Let $$y = y(x)$$ be the solution of the differential equation $$e^x\sqrt{1-y^2}dx + \left(\frac{y}{x}\right)dy = 0$$, $$y(1) = -1$$. Then the value of $$(y(3))^2$$ is equal to:

Separating variables from $$e^x\sqrt{1-y^2}\,dx + \frac{y}{x}\,dy = 0$$: $$x e^x\,dx = -\frac{y}{\sqrt{1-y^2}}\,dy.$$

Integrating the left side by parts ($$u=x$$, $$dv=e^x dx$$): $$\int x e^x\,dx = e^x(x-1) + C_1.$$

Integrating the right side with the substitution $$u = 1-y^2$$: $$-\int \frac{y}{\sqrt{1-y^2}}\,dy = \sqrt{1-y^2} + C_2.$$

Combining: $$e^x(x-1) = \sqrt{1-y^2} + C$$.

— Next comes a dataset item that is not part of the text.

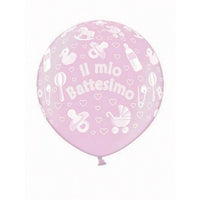Pallone Gigante Battesimo Rosa (1 mt) Lattice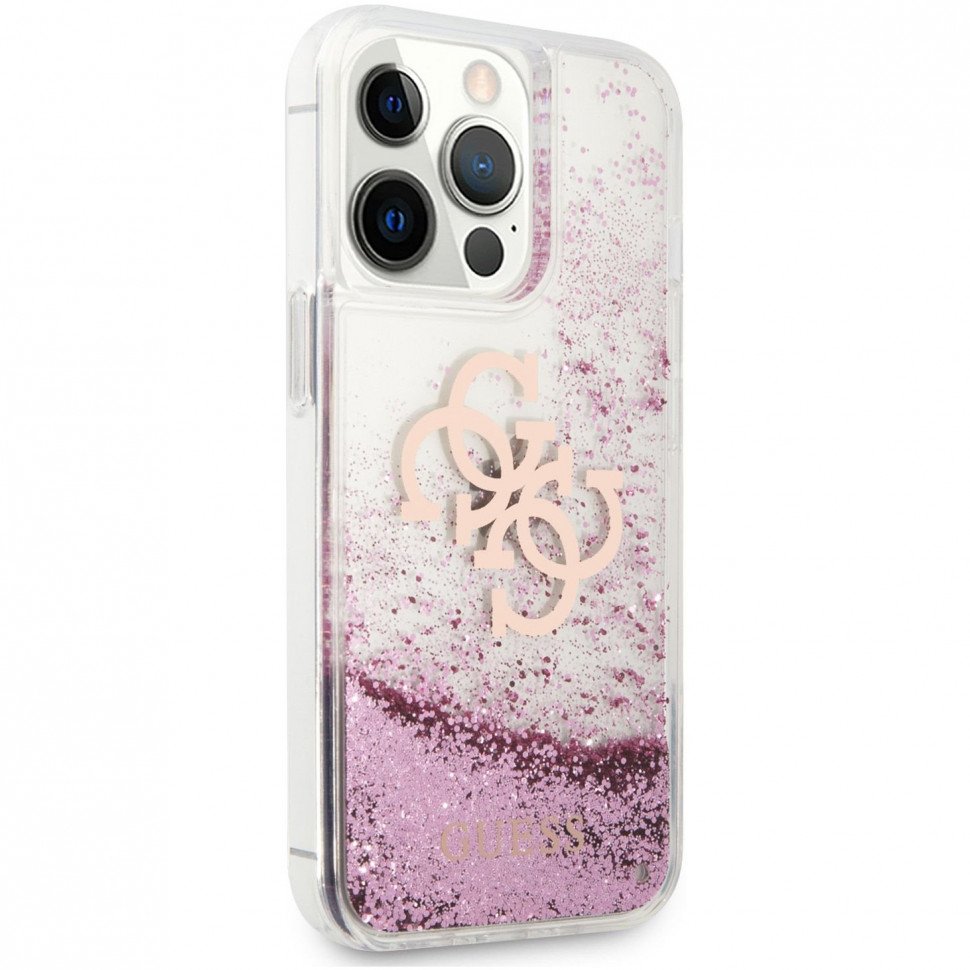 Чехол Guess для iPhone 13 Liquid Glitter 4G Big logo Hard. Цвет: розовый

Applying the initial condition $$y(1) = -1$$: $$e^1(1-1) = \sqrt{1-(-1)^2} + C \implies 0 = 0 + C$$, so $$C = 0$$.

The solution is $$e^x(x-1) = \sqrt{1-y^2}$$, so $$1 - y^2 = e^{2x}(x-1)^2$$.

At $$x = 3$$: $$(y(3))^2 = 1 - e^{2 \cdot 3}(3-1)^2 = 1 - 4e^6$$.